Using Tokyo Tyrant in Production

by didip on 11 August 2009

Here at AboutUs, we have hundreds of GBs of data. Most are static, immutable data, keyed by a specific primary key.

With such a use case, key value databases make perfect sense. After looking at various options, we chose to experiment with Tokyo Cabinet & Tokyo Tyrant first, because Tokyo has such a low barrier to entry.

A couple of benefits that we saw immediately from using Tokyo:

  • It is fast. Not as fast as in-memory store, but if you have more disk space than memory for storing data — for example, cache data — Tokyo is an attractive choice.
  • Tokyo’s performance is affected by number of keys. But it took far more keys to slow it down than we expected.  Tokyo didn’t show any significant slowing even when we pushed 10 million keys in a single database. We were pleasantly surprised with its performance.
  • It can handle memcache protocol.
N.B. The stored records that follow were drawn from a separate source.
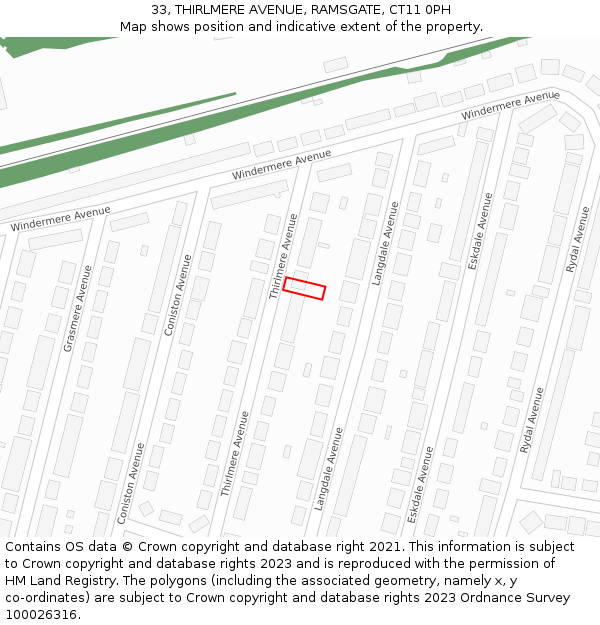 33, THIRLMERE AVENUE, RAMSGATE, CT11 0PH: Location map and indicative extent of plot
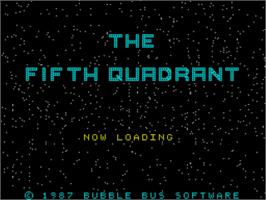 Title screen of The Fifth Quadrant on the Sinclair ZX Spectrum.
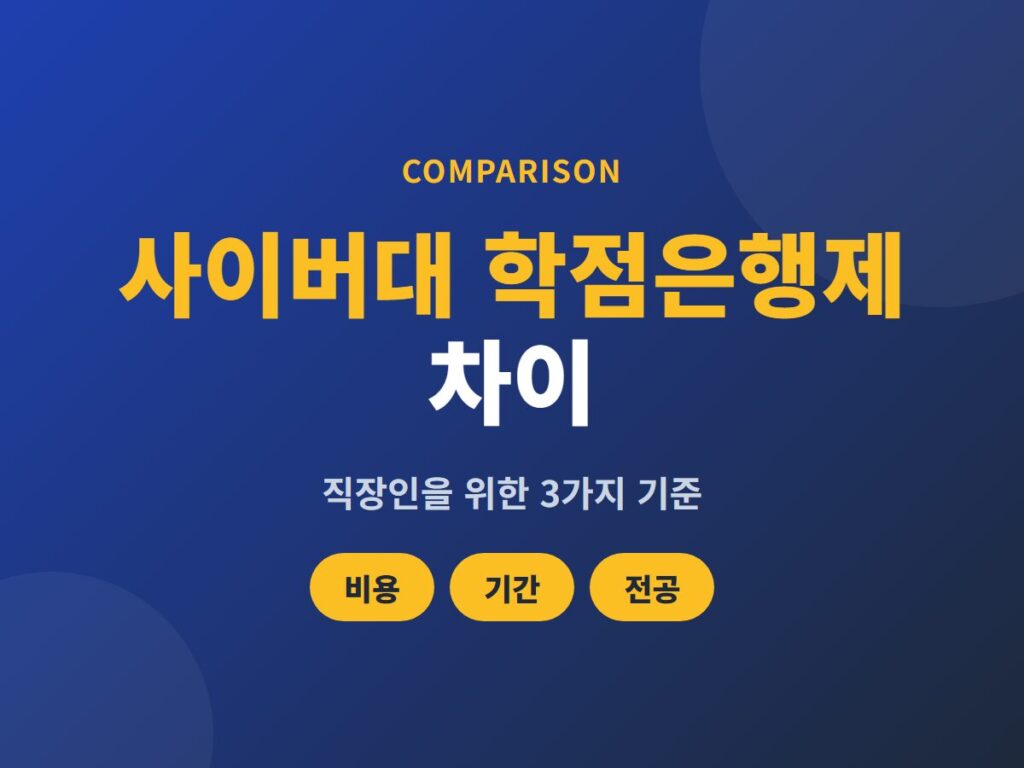 사이버대 학점은행제 차이
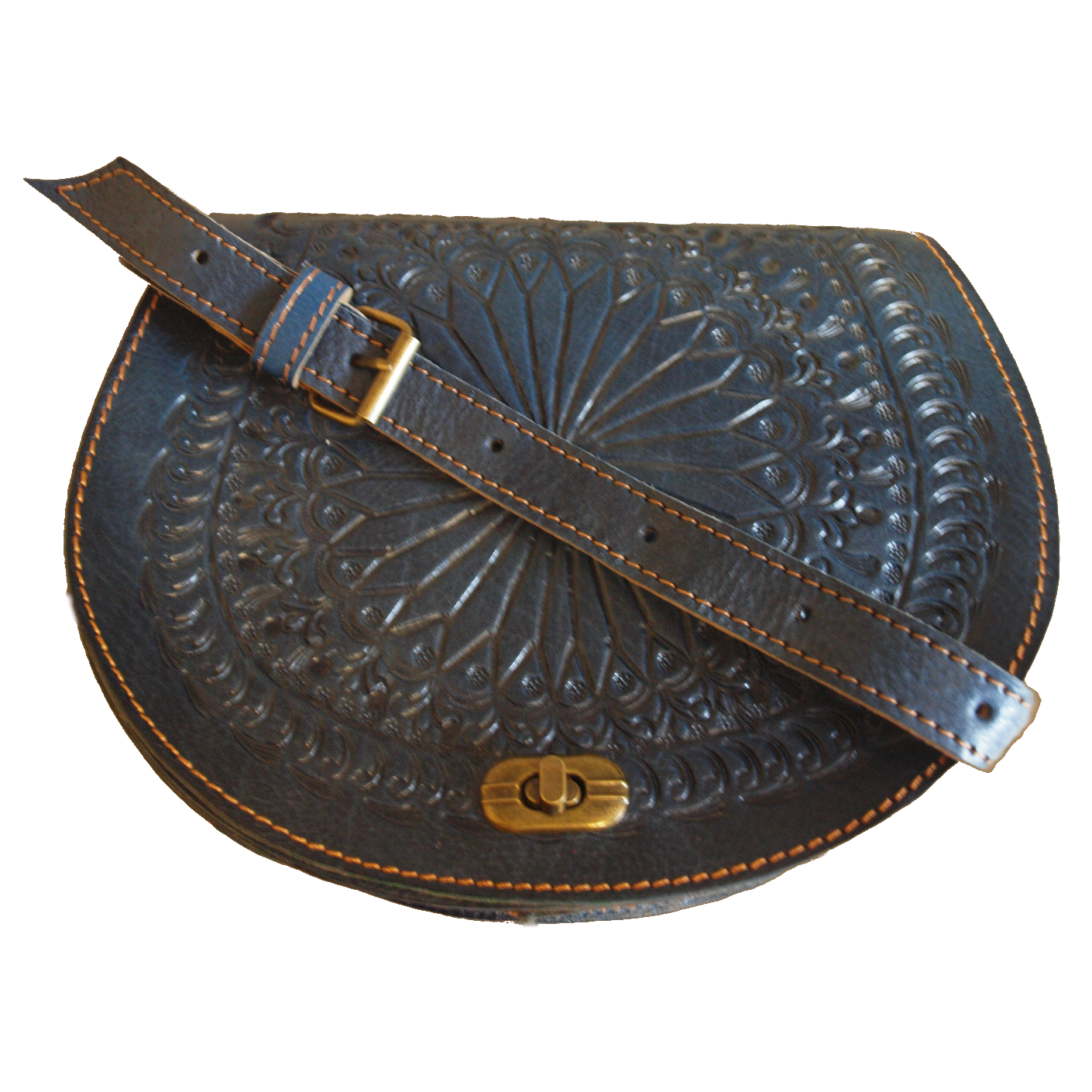 The Temara Embossed Saddle Bag in Navy Blue on White Background
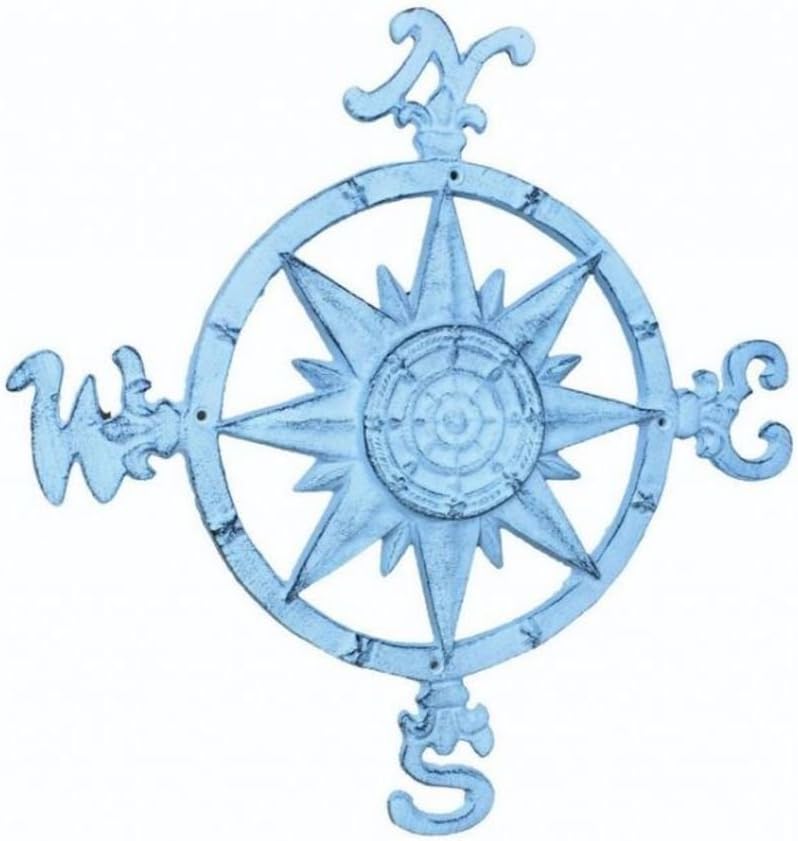 Rustic Dark Blue Whitewashed Cast Iron Large Compass 19 Inch - Navigation Compass - Nautical Theme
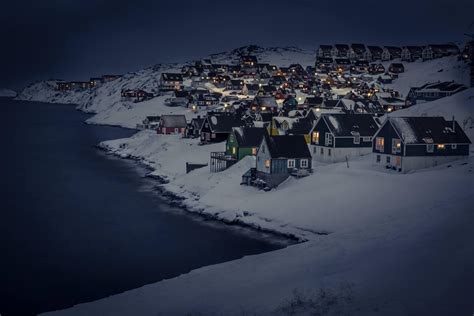 Nuuk city ligths is a beautiful sight from a hilltop - [Visit Greenland!]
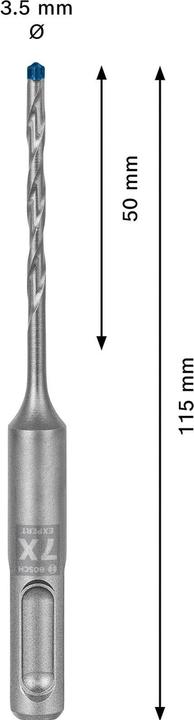 Produktbild Bosch Professional Zubehör EXPERT SDS plus-7X Hammerbohrer, 3,5 x 50 x 115 mm (3.5 Millimeter)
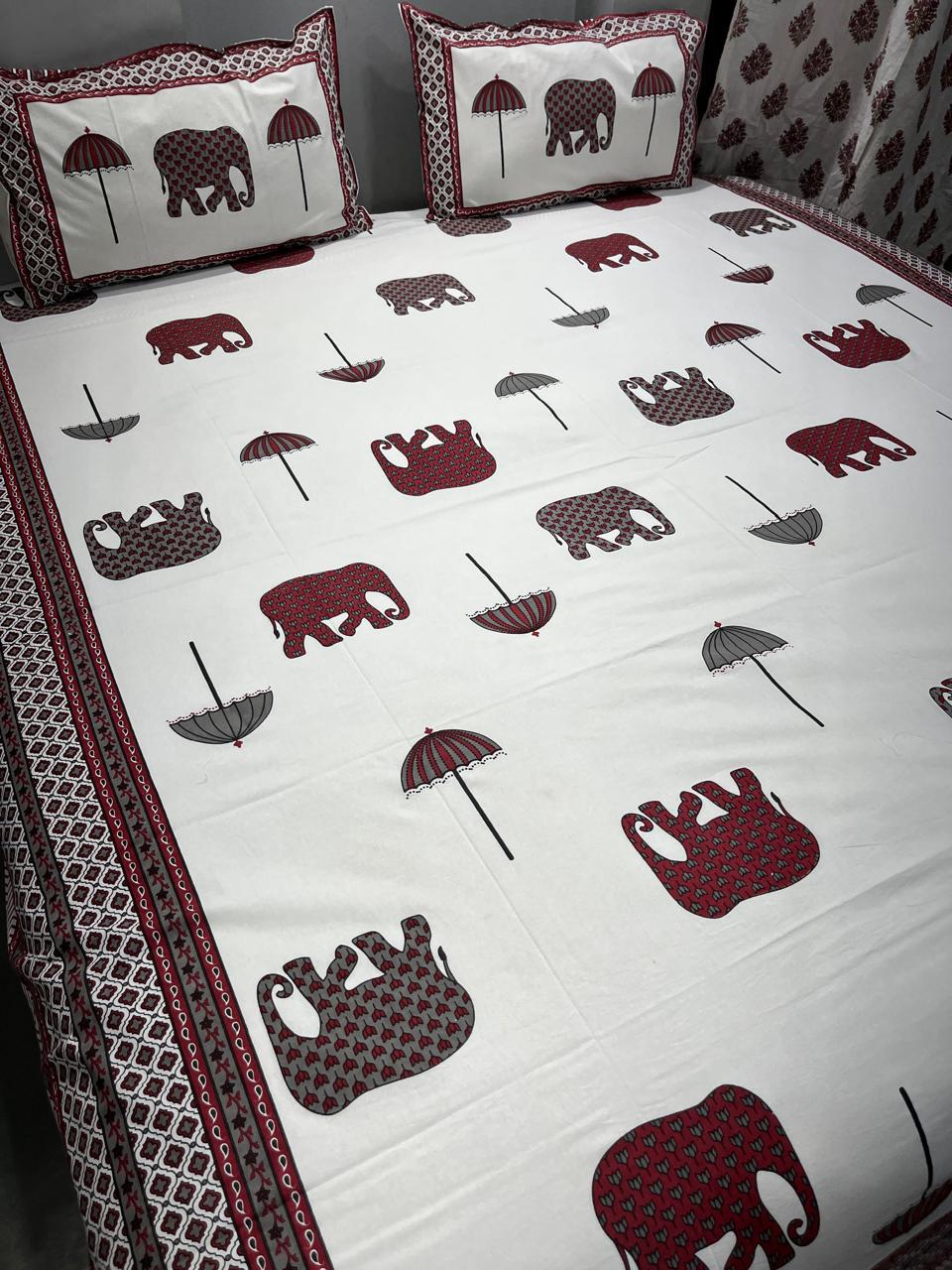 ArtbyKAMASK 100% Organic Cotton Hand Block Printed Double Bed Sheet - 210 TC Double Bed Sheet in King Size - Size - 108 X 108 Inches 274 x 274 cms) - 1 Bedsheet and 2 Pillow Covers - Daamini Orange + 2 Variants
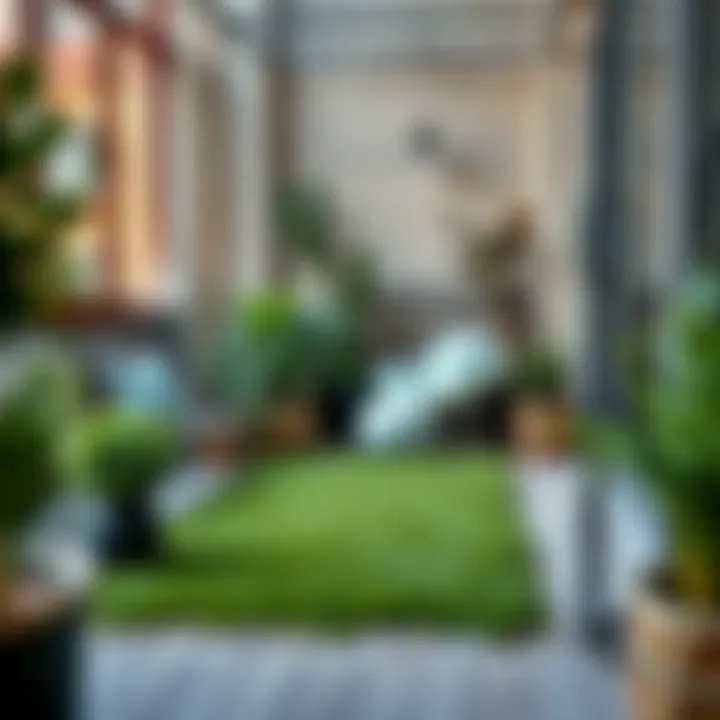 Stylish balcony setup featuring grass rug and decorative plants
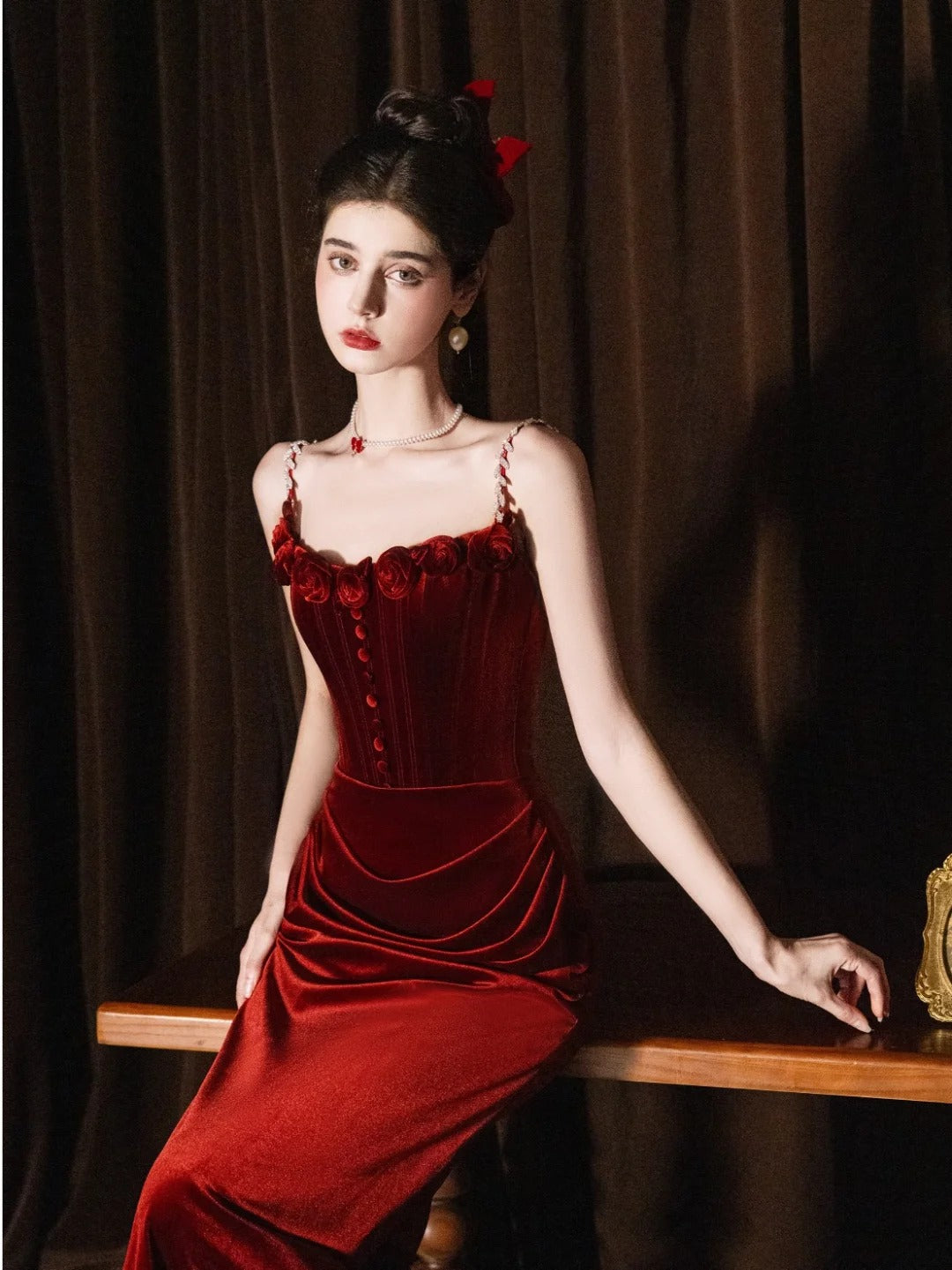 Burgundy Mermaid Velvet Vintage Evening Dresses,Sleeveless Party Gowns  cg25489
This lowers the barrier to entry, making Tokyo attractive for experimentation.

Installation
Installing Tokyo isn’t trivial, but it’s not hard, either. It requires libbz2-dev to be installed first:

# For RPM based
sudo yum install libbz2-dev

# For debian based
sudo apt-get install libbz2-dev

If you want to use Tokyo’s binary protocol — via rufus-tokyo for example — you need to have both Tokyo Cabinet and Tokyo Tyrant installed. We guessed that we might need just the header files, but decided we did  not want to manage those files manually.

First Try — Success!

In our first non-experimental run, we let Tokyo Tyrant handle our page cache. We have been interested in alternative databases for a while, but page cache was the first project that allowed us to try one out.

Each AboutUs domain page is built from at least three individual widgets. Because we intend to create more widgets, building pages on the fly, every render, is clearly inefficient. That’s why we came up with the page cache solution.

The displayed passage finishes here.